The Sanctions Bill is not primarily intended to create new sanctions policy in the UK. Rather, its core purpose is to ensure the UK's continued compliance with UN and other relevant international sanctions regimes. As such, the Sanctions Bill itself will not bring about major changes for companies with respect to their continued compliance with existing sanctions regimes. However, companies will need to update their policies and procedures to ensure that relevant counterparties are screened against the new standalone list of UK sanctions targets (in addition to any other relevant lists of designated person).

Longer-term, questions remain as to whether the UK Government's sanctions policy will diverge from that of the EU and the UK's other international partners. Might there, for example, be occasions where the UK Government wishes to take a tougher stance on a particular regime, or conversely where the Government decides to soften certain restrictions in order to meet the UK's broader foreign policy objectives?

Any divergence between the content of UK and EU sanctions will create additional regulatory burdens for businesses operating in and with the UK, potentially putting UK businesses at a significant disadvantage against their EU competitors. Therefore, we would expect that, to a high degree, the UK Government will continue to coordinate its sanctions policy with the EU. In his speech opening the second reading debate, Minister of State Lord Ahmad of Wimbledon reiterated this stance.

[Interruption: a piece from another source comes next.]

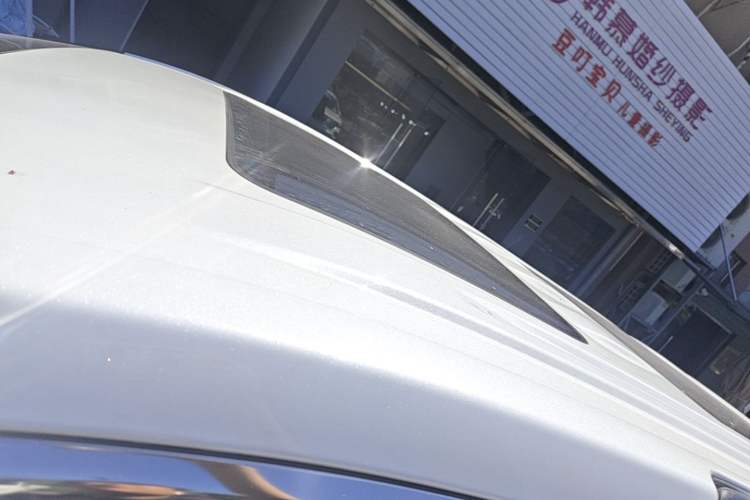 Used VOYAH Dream 2025 PHEV Four-Wheel-Drive Flagship Kunpeng Edition Roof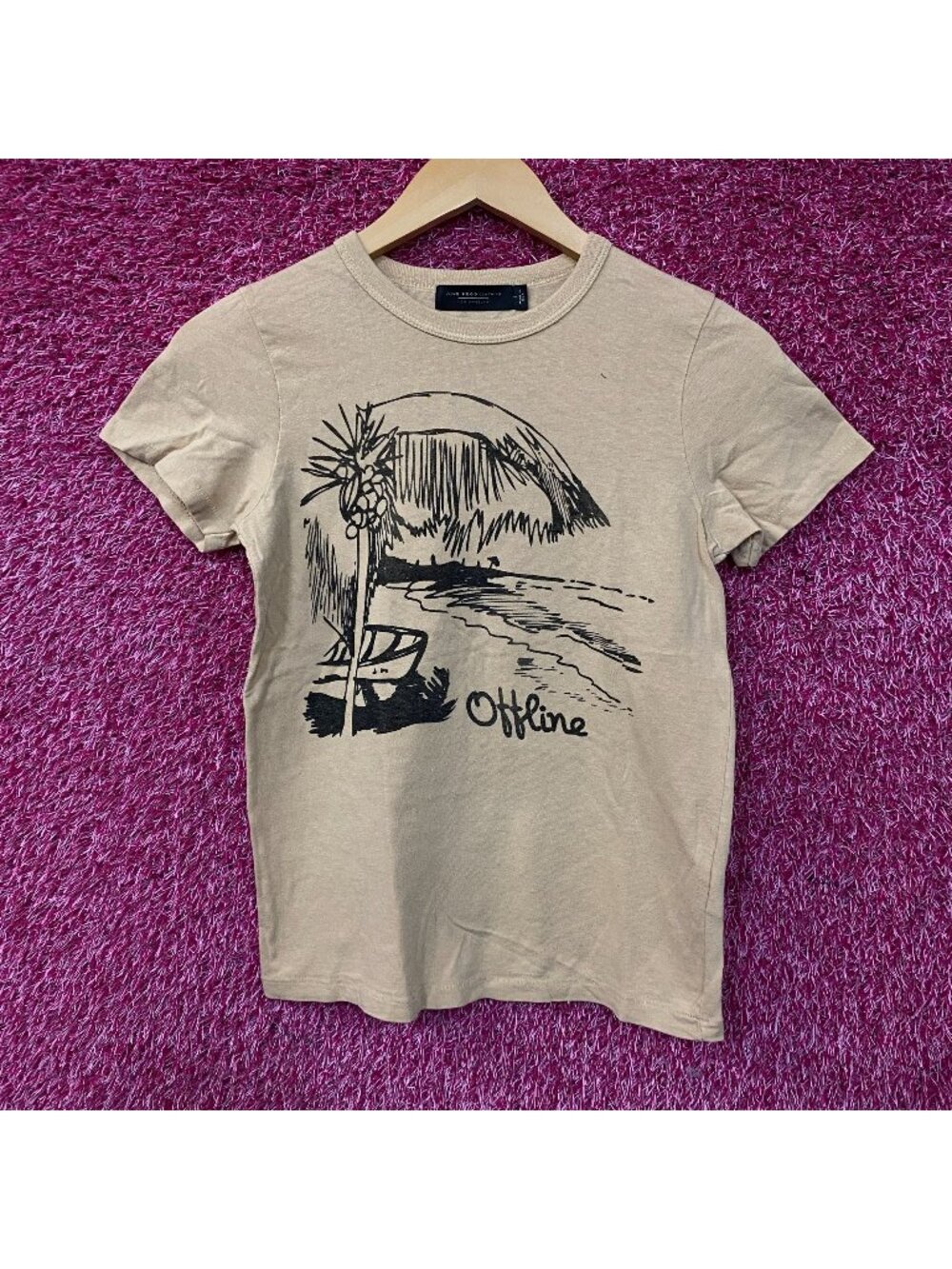 Junk Food Clothing Offline Original T-Shirt Small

Lord Ahmad stated that "multiple divergent sanction regimes can raise compliance costs for business". As such, "in designing and implementing future UK sanctions, [the Government] will, wherever possible, work closely with the EU, the United States and other international partners to ensure maximum alignment and to reduce the impact on business". However, Lord Ahmad conceded that it was too early to speculate on the exact form that future UK-EU collaboration on sanctions policy will take post-Brexit.

Notwithstanding the UK Government's stated position at the present time, businesses should remain alert to the possibility of future divergence between sanctions imposed by the UK and its international partners. The Government has accepted that, once the UK's sanctions policy is governed by a new domestic Sanctions Act, such divergence is a legal possibility and as such cannot be ruled out.